Do you use this oil and have you gotten any other info on it from McMaster-Carr or the supplier of it (from the MSDS sheet) http://www.motoroilinc.com/? I'm asking because years ago when I looked at these oils I couldn't get info from either McMaster-Carr or Motor Oil, Inc. and I'd love to have the data.

 

It would be lovely if Scott McKenzie saw this thread and were to have some information on these oils.

 

Mike

I have no idea. I have not run into them on an industrial basis. However, if you need a small quantity of quality quench oil - I would suggest Brownells.... http://www.brownells.com/aspx/NS/store/pro...&st=&s=

I know this oil - it is a high quality premium quench oil.

Let me clear up a misunderstanding. The purpose of martempering or marquenching is designed to minimize distortion. It allows the inside temperatures to catch up to the outside temperatures so it transforms to martensite uniformly and at the same time. In this case, the back of the blade and the edge contracted uniformly, but because of the larger mass on the back, the blade bent forward. Both sides grew, but because of the larger mass of the back of the blade it bent because of the shape of the blade. To get a sori you need to quench it to room temperature so the edge cools first and you get differential cooling from the edge to the back.

Nicely done Jerry... You did something called pack carburizing. You can also do something similar with charcoal, cast iron chips, a bit of carbonate. You can also add various stop off compounds - Avion and Condursal are two good ones. They won't spall during carburizing.

Now regarding the etchant, I would suggest nital (2% nitric acid in methanol) - it will show the carburized case if not tempered as white, and the non martensitic areas as a deep gray. Only need about 10 seconds or so, then wash with water. You might also want to use a clamp when polishing so you maintain a sharp edge....

Your estimate of the case depth followed nicely the time at temperature...nice when the science and applied work out together....
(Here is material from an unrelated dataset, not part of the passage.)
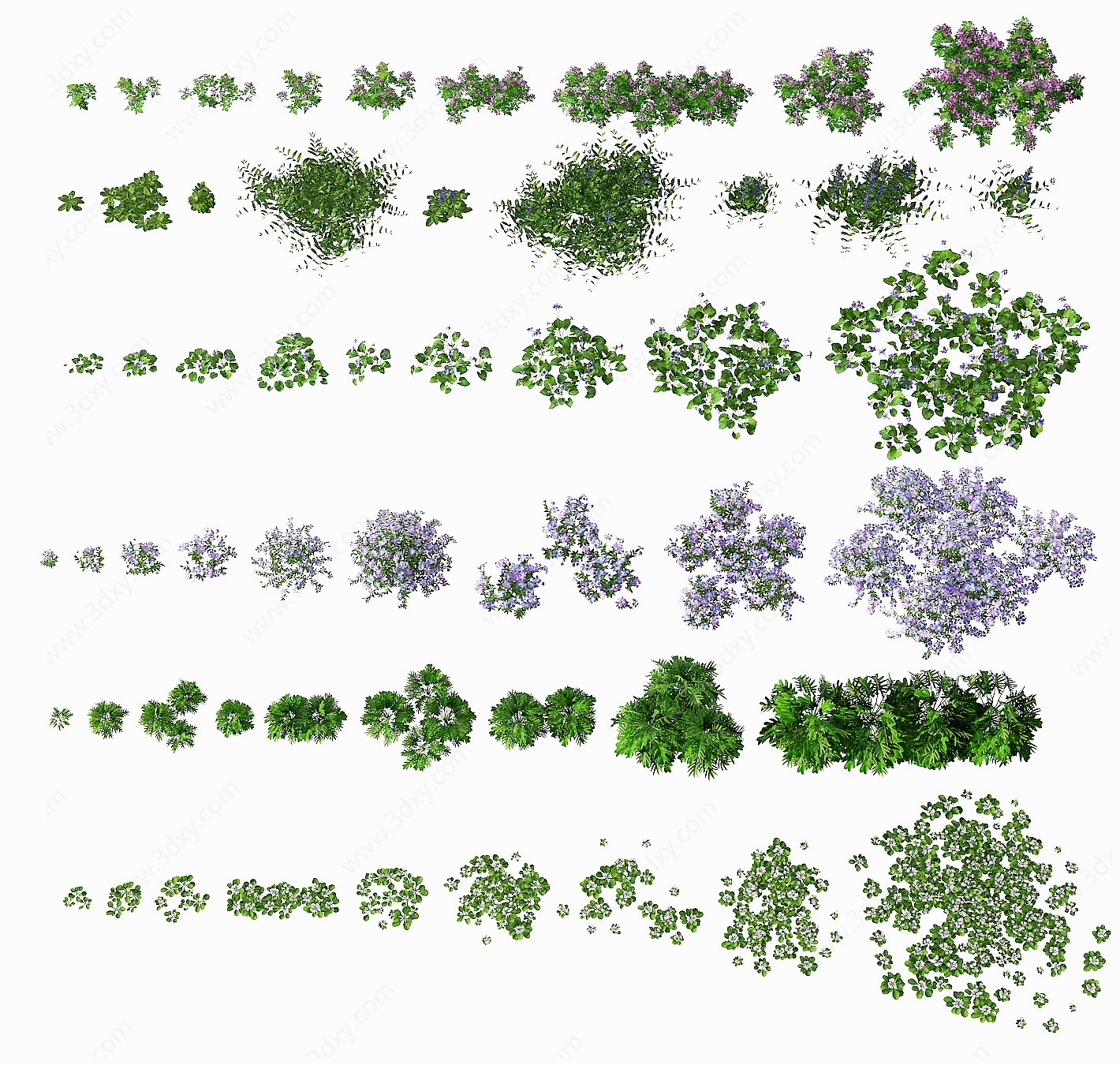 现代绿植灌木花草3D模型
Water vapor is very decarburizing because it releases hydrogen and oxygen. The oxygen reacts with the carbon on the surface making CO. That is the reason why you want a low dew point in your atmosphere. That is one reason why people tend to add a small amount of natural gas to the furnace atmosphere - to scavenge the dissociated water....
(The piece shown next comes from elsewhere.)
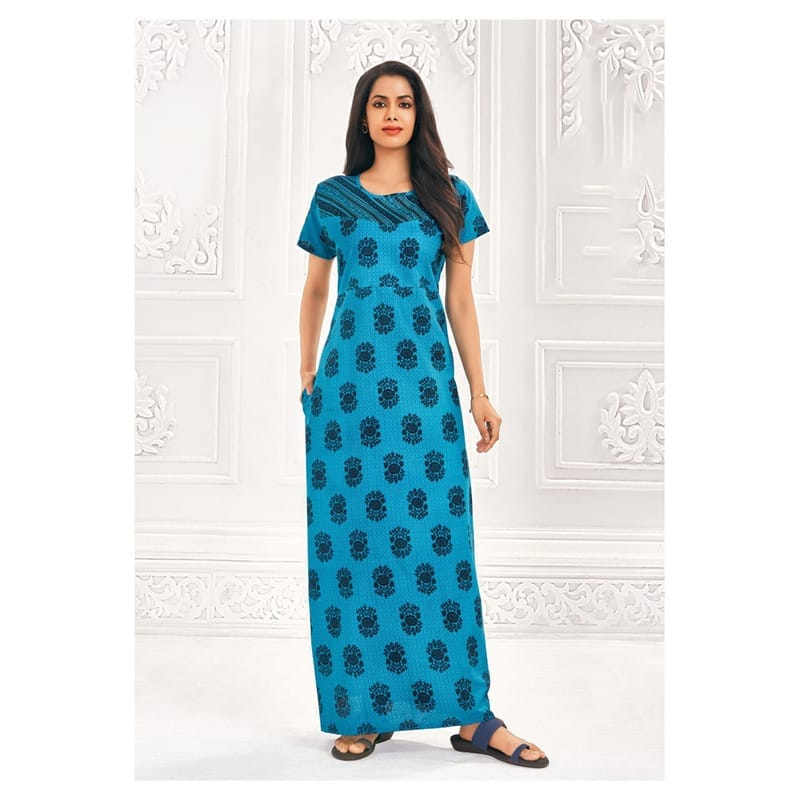Pranjul Cotton Printed Nighty With Side Pocket - 942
Lead is still used for wire patenting applications - but they have a real time meeting EPA/OSHA regulations with the stuff.
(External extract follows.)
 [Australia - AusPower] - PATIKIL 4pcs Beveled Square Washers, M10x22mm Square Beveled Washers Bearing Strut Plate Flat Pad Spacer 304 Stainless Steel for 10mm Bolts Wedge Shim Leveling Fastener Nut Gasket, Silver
The "super-quench" would be a fast quench and probably faster than water. The table salt causes the vapor phase to break up faster and initiate nucleate boiling at a higher temperature. The rest is surfactants to cause better wetting of the quenchant on the steel. It would work fine for very low hardenability steels.

Tin could be used, but it may cause liquid metal embrittlement (it depends on the steel composition). Indium and bismuth also cause liquid metal embrittlement. Salts are commonly used for martempering or austempering applications.

Thanks Don

A good rule of thumb is one hour per inch of thickness, 2 hour minimum. The second temper I would do at the same temperature or slightly lower - say 25F. The third temper is the same sort of thing.

Scott,

 

Make video, put it on DVD, and sell it -- along with any accompanying handouts and similar materials. (Or tell the ASM to do so.)

 

I don't know how it works in the heat treating industry, but in my profession that's done all the time for continuing education.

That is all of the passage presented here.